Hypokhâgne et khâgne : un soir de concert à Radio France en septembre 2022

Ce soir, les notes se sont envolées. Elles se sont délicatement déchirées des fines lignes des partitions, dans un frottement des cordes de violon.

Je suis certaine de les avoir vu danser, si la simplicité de mon esprit me permettait de comprendre l’intime complexité des maux écrits sous forme d’accords. Je ne pouvais penser, mes sentiments — pourtant bruyants— s’étaient éteints pour écouter les instruments embrasser l’air. Tous ensemble. Cet énorme orchestre s’unissait devant mes yeux ; dirigé par de simples bâtons de bois vernis. Il était impossible pour mon être, lui même dissonant, de se refuser à une telle musique, à ces harmonisations sur la mélodie des violoncelles. 
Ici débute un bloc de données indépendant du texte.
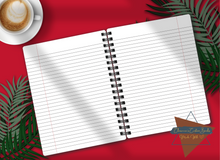 Load image into Gallery viewer, Positive Attracts Positive -- Lined Notebook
Je regardais les musiciens attaquer leurs instruments de mouvement plus que gracieux. Produire, ce que mon corps n’arrivait pas à assimiler tellement il frissonnait. J’en tremblais presque. J’ai pourtant enfin compris. La symphonie sonnait encore plus faux que mon esprit. C’était là toute sa beauté, sa force, sa puissance dans l’accord des bruits incessants de l’union des aigus et des graves des instruments.

Et voilà que mon cœur s’affole et s’agite, confond les pleurs et les rires, ne sait plus où donner de la tête, se perd entre les altos et les hautbois. Une vraie cacophonie intérieure. L’orchestre de mes pensées regardait celui qui se jouait devant mes yeux avec tant d’admiration, de jalousie, d’amour et de peine. 

Les notes se sont dispersées dans cette salle circulaire. Elles s’accrochaient à mes doigts et peignaient mes bras de leurs sons ; teintaient mon visage de leurs mots invisibles. J’étais ailleurs, parmi les notes dansantes. Je les voyais s’entrelaçant jusqu’à s’unir face à moi puis ne former plus qu’un.

Rien de plus beau n’avait produit sur mon âme une discordance aussi parfaite. Je n’étais plus que violons, clarinettes et contrebasses. M’évanouissant à la fin du morceau, sur le même papier que j’avais quitté au départ.